En segundo lugar, se considera que las cuestiones culturales son un ámbito menor del conflicto social, cuando lo cierto es que se expresan en él cada vez más conflictos sociales, convirtiéndose en un espacio político y económico central. Los problemas de interculturalismo en las sociedades más híbridas, los problemas de pluralismo comunicativo y democratización de unos medios que cada vez gestionan más la opinión pública, la configuración de redes de comunicaciones cuyos impactos culturales, además de económicos y políticos, a nadie se le escapan, la autoproducción cultural nacional, regional o local como autodefensa frente a hegemonismos culturales y como base para el diálogo cultural con las otras culturas…son algunos de los aspectos.

Pero mirando en profundidad los conflictos centrales en las sociedades actuales se advierte que, a falta de los referentes sólidos y paradigmáticos que antes aportaban las ideologías seguras, en una época de cambio y crisis de valores, son los valores culturales y morales los que están en el corazón de los disensos y de las decisiones más importantes. El disenso social sobre la construcción europea, las relaciones con el Tercer Mundo, el aborto, el militarismo, el ecologismo, el nacionalismo, la articulación de las redes, la enseñanza privada, el terrorismo, el modelo impositivo, las privatizaciones, el paro, el reparto del trabajo, la corrupción, las contramanifestaciones de la izquierda abertzale, el nuevo urbanismo, las penas a los delincuentes, la droga….todos estos temas remiten a valores culturales y morales nuevos que aunque con anclajes en la tradición de los distintos pensamientos, se van reformulando en medio de una polarización social tremenda y fluida según los temas y desde cuya respuesta se van reconstruyendo las ideologías centrales. En cierto sentido puede decirse que, hoy, un programa político es fundamentalmente un programa ético y cultural al que hay que vertebrar estratégicamente.
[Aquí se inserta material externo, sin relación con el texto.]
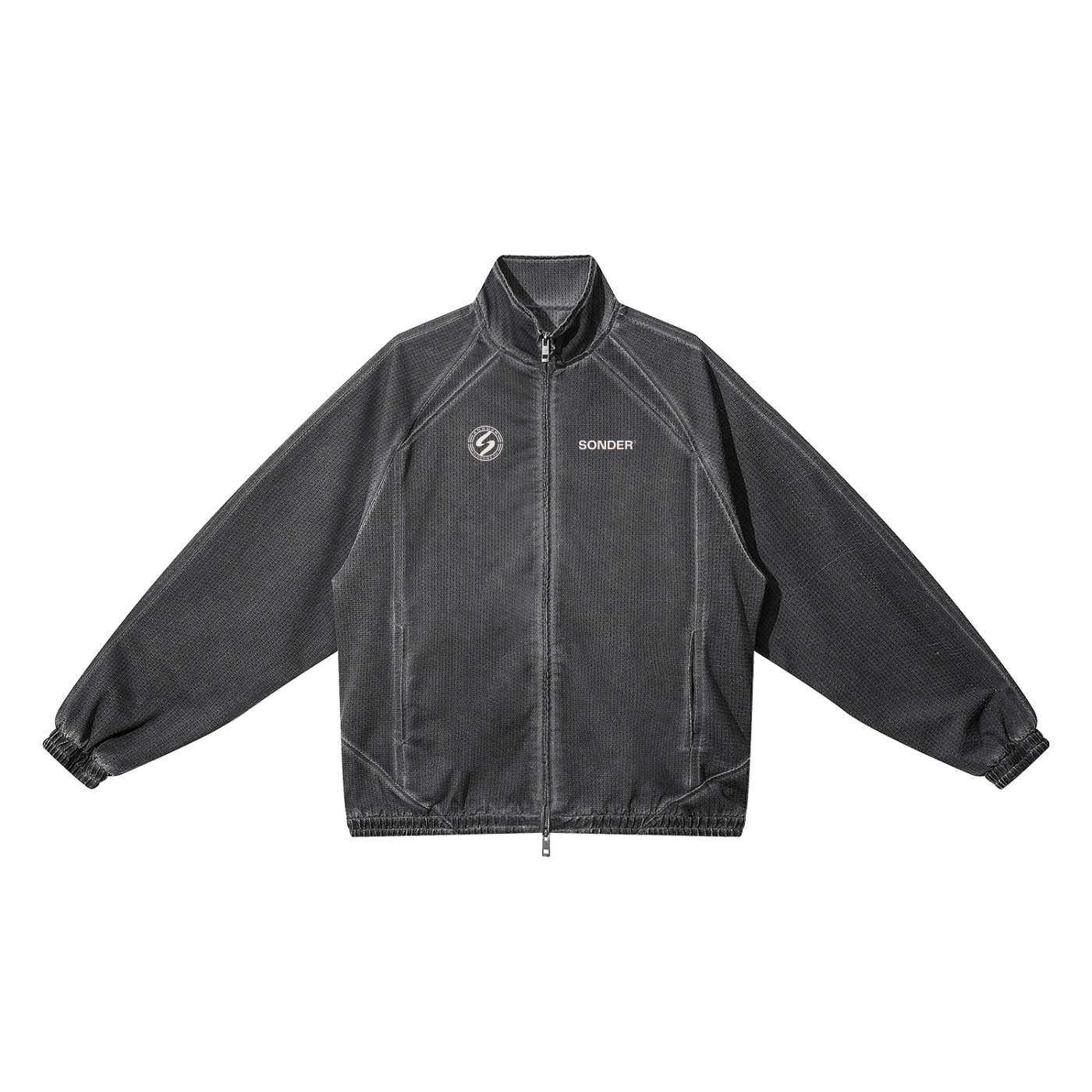 Apex Mesh Jacket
En tercer lugar, y coherentemente con esa visión tradicional de la cultura como derivación y mera consecuencia, siempre se ha supuesto que son las estructuras las que cambian a las personas. En la mentalidad de izquierda el gran cambio estructural generaría las condiciones para el Hombre y Mujer nuevos. En la mentalidad conservadora una gestión social prudente facilitaría la resignación humana con el lugar que la sociedad habría dispuesto para cada uno y la promoción para los destacados. La evidencia indica que no habrá grandes cambios sin personas nuevas que se han de gestar en nuestras propias sociedades desiguales al tiempo que no renuncian a su cuota de felicidad en el presente real.

En cuarto lugar, el pensamiento ilustrado ha reducido el concepto de cultura al de arte y, en la versión más abierta ampliándolo hasta la cultura popular. Se ha dejado así en un segundo plano la creatividad personal, la comunicación, la información, la producción propia, la inseminación intangible que el nivel cultural supone para todo el sistema social y económico, la importancia de que toda decisión en cualquier plano contenga una evaluación cultural, la compaginación entre la poderosa herramienta socializadora que es la enseñanza con esa otra herramienta socializadora que son los medios de comunicación y ante los que estamos expuestos 7 horas diarias y que debemos saber recibir crítica y selectivamente...

Por último, los sujetos colectivos históricos se han definido exclusivamente en torno a las clases sociales en la versión de izquierda y en torno a la sociedad del Estado-nación en el pensamiento conservador. Se dejaba fuera de la historia a múltiples sujetos que han emergido por sus fueros y con una cultura diferenciada que no se origina en una ideología matriz. El sujeto comunidad cultural (que reivindica su diferencialidad con contenidos diversos), la mujer, los movimientos sociales sectoriales, las agrupaciones voluntarias… no se conforman con una posición de subordinación ni de pura absorción por las ideologías y formas políticas tradicionales. Apuntan además al papel central que tienen la cultura y los valores en la reconstrucción de nuestras sociedades.